Schattengrund
italienischen Eiscafé in dieses Kellerloch gebeamt und ihr auch noch den Erdbeerbecher genommen.
»Ich wollte mich nur mal umschauen.«
Trixi legte an und zielte. Allerdings schwankte sie dabei. »Was Bestimmtes?«
»Alte Fotos«, schoss es aus Nico. »Ich habe oben welche in der Gaststube gesehen. Hundert Jahre Schwarzer Hirsch, das sind ja auch hundert Jahre deutsche Geschichte.«
Ihr Lehrer wäre stolz auf sie. Aber Trixi schien das nicht zu beeindrucken. Nico spürte, dass die Frau nur auf ein falsches Wort, eine falsche Bewegung wartete. Deshalb rührte sie sich nicht. Das Adrenalin peitschte durch ihre Adern, ihr Atem ging flach, aber sie stand ganz still und versuchte, so unschuldig wie möglich auszusehen. Erstaunlich, wie Menschen sich in Momenten echter Gefahr verhielten. Hätte ihr noch vor ein paar Tagen irgendjemand erzählt, sie würde im Keller eines Hauses, in dem ein Verbrechen geschehen war, von einer Betrunkenen mit einem Jagdgewehr erwischt werden, die erkennbar Lust auf eine kleine zwischenmenschliche Tragödie hatte – sie hätte auf alles zwischen Schreikrampf und Zusammenbruch getippt. Und nun befand sie sich in einem heillosen Durcheinander von Kartons und versuchte, Trixi mit ein paar Taschenspielertricks davon zu überzeugen, sie nicht einfach abzuknallen. Was ihr im Übrigen nicht besonders gut zu gelingen schien.

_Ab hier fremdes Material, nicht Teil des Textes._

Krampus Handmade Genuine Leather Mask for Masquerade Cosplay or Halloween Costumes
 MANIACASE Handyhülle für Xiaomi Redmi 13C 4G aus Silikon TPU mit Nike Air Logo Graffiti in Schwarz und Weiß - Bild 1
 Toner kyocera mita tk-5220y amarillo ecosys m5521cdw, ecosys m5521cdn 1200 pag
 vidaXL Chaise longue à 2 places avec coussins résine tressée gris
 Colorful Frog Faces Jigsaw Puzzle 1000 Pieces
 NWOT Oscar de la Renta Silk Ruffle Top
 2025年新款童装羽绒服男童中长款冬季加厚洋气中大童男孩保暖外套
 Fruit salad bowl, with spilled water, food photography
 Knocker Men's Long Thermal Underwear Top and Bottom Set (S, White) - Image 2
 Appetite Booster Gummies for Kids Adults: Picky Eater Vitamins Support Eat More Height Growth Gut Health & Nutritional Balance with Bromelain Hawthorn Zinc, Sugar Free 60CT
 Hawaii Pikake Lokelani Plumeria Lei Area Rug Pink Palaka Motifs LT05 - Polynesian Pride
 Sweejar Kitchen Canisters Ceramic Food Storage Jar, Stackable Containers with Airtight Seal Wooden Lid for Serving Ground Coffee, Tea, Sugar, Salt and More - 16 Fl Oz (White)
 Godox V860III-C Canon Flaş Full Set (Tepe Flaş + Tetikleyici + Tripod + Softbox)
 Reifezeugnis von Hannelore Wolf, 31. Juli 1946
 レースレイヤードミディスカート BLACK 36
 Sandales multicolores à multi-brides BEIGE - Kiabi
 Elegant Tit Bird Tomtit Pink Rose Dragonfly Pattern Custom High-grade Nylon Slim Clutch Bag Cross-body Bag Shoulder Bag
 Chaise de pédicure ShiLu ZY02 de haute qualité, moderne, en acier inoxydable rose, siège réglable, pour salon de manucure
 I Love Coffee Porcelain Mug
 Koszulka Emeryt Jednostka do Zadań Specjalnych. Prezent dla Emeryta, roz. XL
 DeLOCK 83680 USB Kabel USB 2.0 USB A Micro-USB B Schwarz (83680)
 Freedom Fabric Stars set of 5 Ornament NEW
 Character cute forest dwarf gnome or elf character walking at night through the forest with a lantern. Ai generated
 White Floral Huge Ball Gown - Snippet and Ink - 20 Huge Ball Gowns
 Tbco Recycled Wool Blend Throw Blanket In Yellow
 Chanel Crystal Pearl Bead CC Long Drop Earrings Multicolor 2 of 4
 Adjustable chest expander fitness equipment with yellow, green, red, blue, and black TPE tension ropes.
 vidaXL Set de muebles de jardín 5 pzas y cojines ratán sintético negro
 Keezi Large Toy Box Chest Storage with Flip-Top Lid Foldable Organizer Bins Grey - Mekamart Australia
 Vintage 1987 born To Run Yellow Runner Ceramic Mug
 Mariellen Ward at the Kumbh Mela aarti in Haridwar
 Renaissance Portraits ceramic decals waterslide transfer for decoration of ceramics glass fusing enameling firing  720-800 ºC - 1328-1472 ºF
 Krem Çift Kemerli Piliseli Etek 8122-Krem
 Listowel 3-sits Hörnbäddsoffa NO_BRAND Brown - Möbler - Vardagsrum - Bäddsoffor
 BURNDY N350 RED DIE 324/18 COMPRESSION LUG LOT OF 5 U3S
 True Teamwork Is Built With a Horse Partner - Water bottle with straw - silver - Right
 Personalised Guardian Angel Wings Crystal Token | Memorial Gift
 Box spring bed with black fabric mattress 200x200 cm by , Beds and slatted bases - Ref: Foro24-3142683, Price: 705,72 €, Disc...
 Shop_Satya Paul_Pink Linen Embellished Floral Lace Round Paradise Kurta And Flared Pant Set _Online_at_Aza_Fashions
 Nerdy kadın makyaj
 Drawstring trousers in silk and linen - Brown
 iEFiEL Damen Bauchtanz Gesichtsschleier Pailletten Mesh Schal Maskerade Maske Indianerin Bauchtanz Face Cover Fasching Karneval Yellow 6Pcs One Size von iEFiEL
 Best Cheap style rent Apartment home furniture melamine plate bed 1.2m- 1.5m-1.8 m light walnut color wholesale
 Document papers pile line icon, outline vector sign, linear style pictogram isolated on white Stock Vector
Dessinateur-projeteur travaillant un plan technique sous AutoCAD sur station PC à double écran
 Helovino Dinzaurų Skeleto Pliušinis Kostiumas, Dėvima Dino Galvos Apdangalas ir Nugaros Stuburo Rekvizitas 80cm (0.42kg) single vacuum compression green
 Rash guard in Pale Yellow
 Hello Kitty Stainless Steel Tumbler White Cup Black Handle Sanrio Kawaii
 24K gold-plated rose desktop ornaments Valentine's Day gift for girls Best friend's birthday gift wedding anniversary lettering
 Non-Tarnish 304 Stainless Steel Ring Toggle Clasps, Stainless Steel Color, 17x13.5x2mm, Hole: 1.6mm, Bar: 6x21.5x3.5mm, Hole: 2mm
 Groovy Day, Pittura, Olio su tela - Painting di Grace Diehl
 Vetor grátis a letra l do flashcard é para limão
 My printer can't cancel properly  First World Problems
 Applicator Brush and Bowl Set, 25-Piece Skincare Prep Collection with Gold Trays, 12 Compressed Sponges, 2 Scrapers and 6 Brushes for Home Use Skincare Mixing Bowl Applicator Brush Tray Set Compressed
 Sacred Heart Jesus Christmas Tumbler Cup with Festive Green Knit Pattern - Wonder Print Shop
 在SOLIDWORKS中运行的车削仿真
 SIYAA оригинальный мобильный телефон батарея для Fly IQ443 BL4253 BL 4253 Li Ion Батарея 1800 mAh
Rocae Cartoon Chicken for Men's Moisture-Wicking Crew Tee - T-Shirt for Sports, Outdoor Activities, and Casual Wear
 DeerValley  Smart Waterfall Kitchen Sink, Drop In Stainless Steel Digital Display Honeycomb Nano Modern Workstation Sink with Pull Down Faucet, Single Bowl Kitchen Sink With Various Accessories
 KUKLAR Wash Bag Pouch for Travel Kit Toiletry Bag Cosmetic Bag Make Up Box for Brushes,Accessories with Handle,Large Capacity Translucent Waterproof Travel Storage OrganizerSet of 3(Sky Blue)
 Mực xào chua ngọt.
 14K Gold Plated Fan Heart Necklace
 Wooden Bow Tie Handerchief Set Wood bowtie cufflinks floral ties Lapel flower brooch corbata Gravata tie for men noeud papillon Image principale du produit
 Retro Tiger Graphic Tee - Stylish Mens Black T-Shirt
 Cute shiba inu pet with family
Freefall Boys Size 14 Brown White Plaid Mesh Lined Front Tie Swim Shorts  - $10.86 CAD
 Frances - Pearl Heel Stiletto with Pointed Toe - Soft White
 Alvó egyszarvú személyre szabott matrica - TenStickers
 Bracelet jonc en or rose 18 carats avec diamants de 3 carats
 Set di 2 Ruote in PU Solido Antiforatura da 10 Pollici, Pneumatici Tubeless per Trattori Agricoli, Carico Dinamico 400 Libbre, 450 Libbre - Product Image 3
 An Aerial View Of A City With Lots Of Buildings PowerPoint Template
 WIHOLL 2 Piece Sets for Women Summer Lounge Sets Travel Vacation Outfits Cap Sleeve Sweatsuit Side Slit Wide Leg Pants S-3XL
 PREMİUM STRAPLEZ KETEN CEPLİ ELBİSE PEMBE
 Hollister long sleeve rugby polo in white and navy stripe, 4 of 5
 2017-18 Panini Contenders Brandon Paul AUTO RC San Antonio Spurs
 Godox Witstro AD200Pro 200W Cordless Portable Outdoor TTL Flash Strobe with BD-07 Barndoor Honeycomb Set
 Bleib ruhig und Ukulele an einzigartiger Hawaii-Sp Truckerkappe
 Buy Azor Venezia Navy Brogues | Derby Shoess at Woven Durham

»Das interessiert dich doch einen Scheiß. Was wir sind. Wer wir sind. Du kommst einfach her und spuckst uns ins Gesicht. Spuckst uns …«
Trixi wollte einen Schritt näher kommen, geriet aber schon beim ersten Versuch, über eines der Bücher auf dem Boden zu steigen, ins Taumeln. Noch bevor Nico auch nur die Spur einer Chance hatte, ihr näher zu kommen und die Waffe zu fassen zu kriegen, hatte die Frau sich wieder gefangen.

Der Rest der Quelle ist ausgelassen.